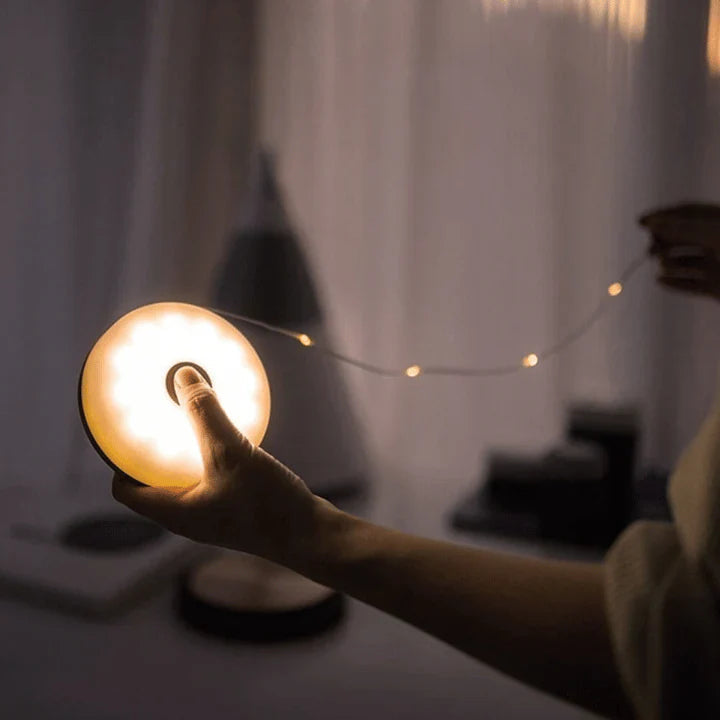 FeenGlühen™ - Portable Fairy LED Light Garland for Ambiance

_ _ _

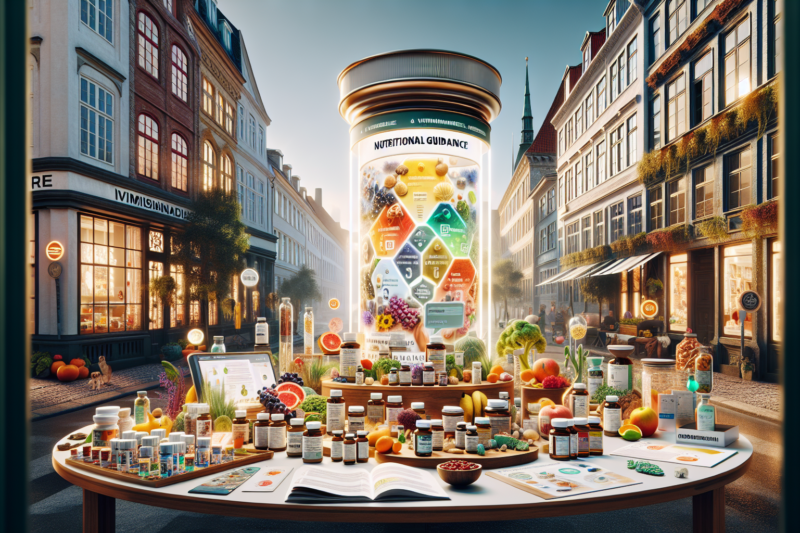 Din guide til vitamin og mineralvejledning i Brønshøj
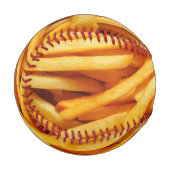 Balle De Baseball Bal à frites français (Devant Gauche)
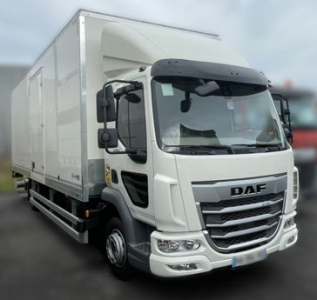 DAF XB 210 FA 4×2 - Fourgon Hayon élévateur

_ _ _

> What you are asked to do: In the data above, find the line with "Din guide til" and the line with "DAF XB 210 FA 4×2 - Fourgon Hayon élévateur". Please copy exactly those two lines and every line between them, but not the pictures.

> Written solution:
 Din guide til vitamin og mineralvejledning i Brønshøj
 Balle De Baseball Bal à frites français (Devant Gauche)
 DAF XB 210 FA 4×2 - Fourgon Hayon élévateur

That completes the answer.